Candra barked a laugh and shook her head. “That’s your proposition? That’s the best you can come up with?”

Lilith went on unperturbed, her serene features giving away nothing to suggest her internal reaction to Candra’s outburst. “I am offering you a gift. Do not try my patience by flinging it back in my face.”

Candra cleared her own expression of incredulity. The whole situation seemed entirely too familiar. “What is it you would plan to do with me?”

“I plan to possess you.”

Candra narrowed her eyes. “One thing you and I should get straight is no one owns me. I am not property to possess.”

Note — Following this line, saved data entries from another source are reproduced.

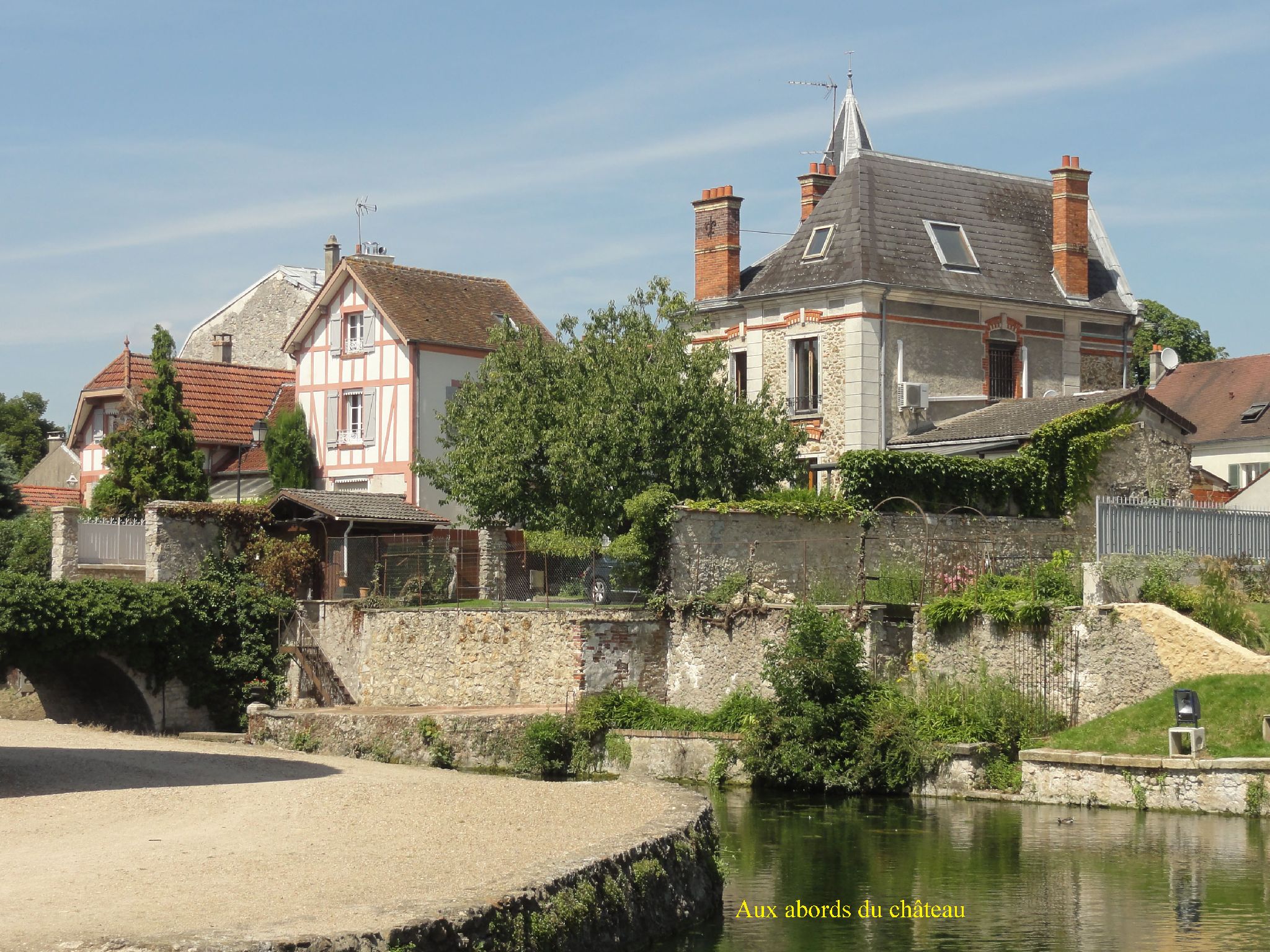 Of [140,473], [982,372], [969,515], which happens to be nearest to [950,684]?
[969,515]

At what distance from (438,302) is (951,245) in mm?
13640

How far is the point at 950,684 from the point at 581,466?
26.2 ft

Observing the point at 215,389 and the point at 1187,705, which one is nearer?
the point at 1187,705

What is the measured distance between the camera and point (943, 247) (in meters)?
34.2

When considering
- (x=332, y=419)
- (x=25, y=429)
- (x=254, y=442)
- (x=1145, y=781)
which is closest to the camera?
(x=1145, y=781)

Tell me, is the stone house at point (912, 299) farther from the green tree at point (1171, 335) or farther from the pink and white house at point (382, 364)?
the green tree at point (1171, 335)

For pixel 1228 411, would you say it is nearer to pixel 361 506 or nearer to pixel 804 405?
pixel 804 405

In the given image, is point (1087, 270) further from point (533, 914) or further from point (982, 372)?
point (533, 914)

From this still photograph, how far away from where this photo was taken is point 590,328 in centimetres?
3058

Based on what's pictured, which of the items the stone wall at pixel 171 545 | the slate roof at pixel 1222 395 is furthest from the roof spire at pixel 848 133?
the stone wall at pixel 171 545

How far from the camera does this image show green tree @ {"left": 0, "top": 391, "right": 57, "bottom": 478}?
68.4 metres

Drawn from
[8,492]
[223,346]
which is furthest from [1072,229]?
[223,346]

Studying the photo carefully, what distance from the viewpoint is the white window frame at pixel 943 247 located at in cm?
3394

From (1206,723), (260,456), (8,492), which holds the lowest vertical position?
(1206,723) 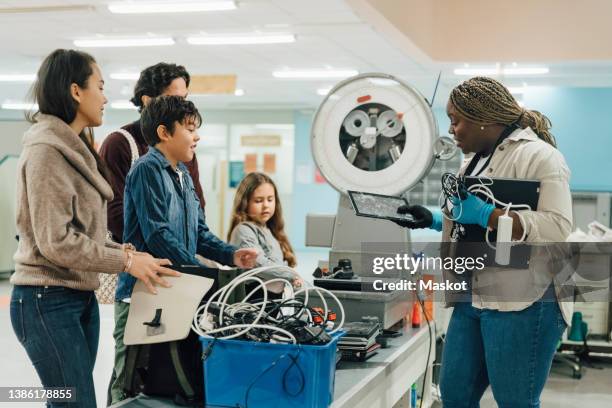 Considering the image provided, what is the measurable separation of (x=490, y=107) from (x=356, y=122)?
30.6 inches

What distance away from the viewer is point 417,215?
2109 mm

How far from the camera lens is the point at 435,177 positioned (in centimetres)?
1199

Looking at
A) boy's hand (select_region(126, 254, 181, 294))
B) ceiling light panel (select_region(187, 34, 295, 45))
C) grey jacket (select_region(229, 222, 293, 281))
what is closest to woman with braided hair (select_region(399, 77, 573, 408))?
boy's hand (select_region(126, 254, 181, 294))

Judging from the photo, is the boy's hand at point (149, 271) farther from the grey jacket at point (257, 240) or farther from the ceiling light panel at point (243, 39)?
the ceiling light panel at point (243, 39)

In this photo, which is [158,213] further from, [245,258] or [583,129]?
[583,129]

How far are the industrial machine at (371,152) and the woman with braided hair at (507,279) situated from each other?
1.70 ft

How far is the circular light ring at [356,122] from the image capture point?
2.63 m

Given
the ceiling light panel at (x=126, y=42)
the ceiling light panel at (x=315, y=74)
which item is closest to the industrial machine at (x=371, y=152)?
the ceiling light panel at (x=126, y=42)

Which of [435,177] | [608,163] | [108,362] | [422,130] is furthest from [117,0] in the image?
[435,177]

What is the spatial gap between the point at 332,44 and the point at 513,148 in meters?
6.23

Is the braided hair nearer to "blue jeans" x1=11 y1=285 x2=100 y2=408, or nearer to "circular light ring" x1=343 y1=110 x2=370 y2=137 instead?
"circular light ring" x1=343 y1=110 x2=370 y2=137

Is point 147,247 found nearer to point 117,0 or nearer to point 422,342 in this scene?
point 422,342

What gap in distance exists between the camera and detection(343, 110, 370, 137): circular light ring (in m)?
2.63

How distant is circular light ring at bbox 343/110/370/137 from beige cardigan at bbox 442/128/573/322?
78 cm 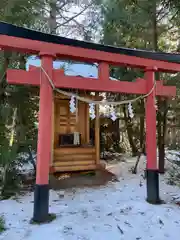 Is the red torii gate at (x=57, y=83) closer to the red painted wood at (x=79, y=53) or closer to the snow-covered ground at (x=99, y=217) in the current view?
the red painted wood at (x=79, y=53)

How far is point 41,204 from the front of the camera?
3.59 meters

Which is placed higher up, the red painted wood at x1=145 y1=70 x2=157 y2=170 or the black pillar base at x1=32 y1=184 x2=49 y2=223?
the red painted wood at x1=145 y1=70 x2=157 y2=170

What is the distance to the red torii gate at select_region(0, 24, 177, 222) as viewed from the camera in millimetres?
3590

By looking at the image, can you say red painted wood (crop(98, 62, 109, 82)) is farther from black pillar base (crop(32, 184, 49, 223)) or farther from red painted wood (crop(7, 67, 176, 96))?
black pillar base (crop(32, 184, 49, 223))

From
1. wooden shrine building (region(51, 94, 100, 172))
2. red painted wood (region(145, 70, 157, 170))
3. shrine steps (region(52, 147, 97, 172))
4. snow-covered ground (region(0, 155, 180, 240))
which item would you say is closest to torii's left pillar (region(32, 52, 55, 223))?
snow-covered ground (region(0, 155, 180, 240))

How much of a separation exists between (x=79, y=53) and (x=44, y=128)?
136 cm

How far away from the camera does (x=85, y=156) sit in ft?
21.2

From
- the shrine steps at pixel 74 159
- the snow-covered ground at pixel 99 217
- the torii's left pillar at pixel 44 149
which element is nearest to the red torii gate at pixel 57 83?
the torii's left pillar at pixel 44 149

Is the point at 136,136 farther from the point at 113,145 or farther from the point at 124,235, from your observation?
the point at 124,235

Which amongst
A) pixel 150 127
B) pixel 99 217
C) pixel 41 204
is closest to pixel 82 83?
pixel 150 127

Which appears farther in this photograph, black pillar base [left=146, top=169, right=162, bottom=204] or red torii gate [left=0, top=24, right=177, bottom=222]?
black pillar base [left=146, top=169, right=162, bottom=204]

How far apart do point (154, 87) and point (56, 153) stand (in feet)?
9.74

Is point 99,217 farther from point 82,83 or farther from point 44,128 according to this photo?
point 82,83

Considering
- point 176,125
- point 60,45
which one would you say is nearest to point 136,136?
point 176,125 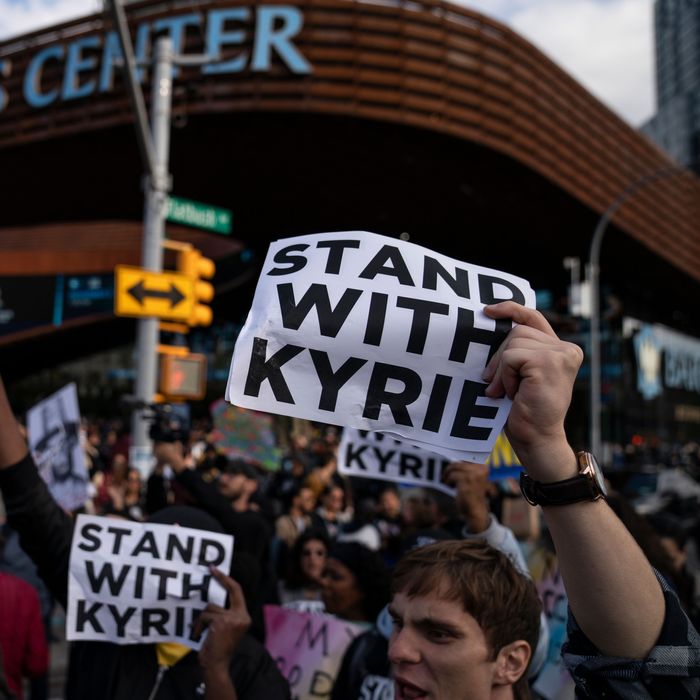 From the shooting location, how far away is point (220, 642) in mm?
2613

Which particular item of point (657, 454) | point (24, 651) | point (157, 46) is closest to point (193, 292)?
point (157, 46)

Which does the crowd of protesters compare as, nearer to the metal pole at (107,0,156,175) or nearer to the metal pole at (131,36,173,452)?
the metal pole at (131,36,173,452)

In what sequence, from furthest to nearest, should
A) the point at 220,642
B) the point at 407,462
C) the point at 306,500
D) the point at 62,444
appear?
1. the point at 306,500
2. the point at 62,444
3. the point at 407,462
4. the point at 220,642

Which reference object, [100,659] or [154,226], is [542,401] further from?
[154,226]

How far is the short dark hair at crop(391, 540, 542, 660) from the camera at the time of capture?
1942 millimetres

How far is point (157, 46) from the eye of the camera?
31.9ft

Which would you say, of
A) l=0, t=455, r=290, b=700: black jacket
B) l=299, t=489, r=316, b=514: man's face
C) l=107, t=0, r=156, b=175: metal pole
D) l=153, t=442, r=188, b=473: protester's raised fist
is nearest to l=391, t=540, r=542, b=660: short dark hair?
l=0, t=455, r=290, b=700: black jacket

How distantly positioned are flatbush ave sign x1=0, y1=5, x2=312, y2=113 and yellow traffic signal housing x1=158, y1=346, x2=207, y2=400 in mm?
10392

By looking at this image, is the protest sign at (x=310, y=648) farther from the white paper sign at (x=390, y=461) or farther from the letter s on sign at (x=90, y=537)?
the letter s on sign at (x=90, y=537)

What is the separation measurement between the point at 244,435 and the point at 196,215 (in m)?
2.67

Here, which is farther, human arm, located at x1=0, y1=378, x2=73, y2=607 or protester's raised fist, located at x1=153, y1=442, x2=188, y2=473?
protester's raised fist, located at x1=153, y1=442, x2=188, y2=473

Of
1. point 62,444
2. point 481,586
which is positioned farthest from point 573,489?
point 62,444

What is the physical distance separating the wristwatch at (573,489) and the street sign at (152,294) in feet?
23.5

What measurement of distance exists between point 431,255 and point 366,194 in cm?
2153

Lilith smiled condescendingly. “Oh, don’t be dull-witted. Haven’t you been paying attention? I need a vessel—a body to possess. I can’t die, but you don’t want to see the mess I become if I don’t feed. I would go through humans like tissue paper. Angels are not accessible to me.” She paused and tilted her head, likely taking in Candra’s startled wide eyes. “You are one of the Nephilim, stronger than any human. You will be my vessel.”

Candra’s mouth opened to respond, but she had no words, and her mind was utterly blank. She couldn’t think of a smart retort or any kind of comeback at all. The idea was incomprehensible. She swallowed thickly, and her stomach heaved to the extent that she darted her eyes around the room for somewhere to vomit.

“Think about it, Candra. Without me, you are only a half-breed—a mutt. You will never be equal to the Watchers you surround yourself with, and you will never be human. You will grow old and die. Even then, you know your torment will never be over. You will never know the true heaven. You will be without almost everyone you love for an eternity. You have an angelic body and a human soul, both of which I require to remain here…and I intend to remain here. Think of all those humans you could save.”

Candra’s stomach convulsed violently. She would have left immediately if she could stand. The problem was she knew it was at least possible that Ivy’s soul was trapped in there somewhere. She had seen with her own eyes; the body was already degenerating, although most wouldn’t notice yet.

“I could make you stronger. Together, we would be greater than you can imagine. With me, you would never have to die.”

“But I would be imprisoned forever, inside you.”

Lilith nodded once, conceding to Candra’s statement. “Well, there is that, but wouldn’t the tiny sacrifice be worth it? Your friends wouldn’t have to die. I can give them their heaven. I want this world. It’s what I was promised. It belongs to me. I wasn’t lying when I said you can send them back. Give yourself to me, and I will give you the key. No one else has to die.”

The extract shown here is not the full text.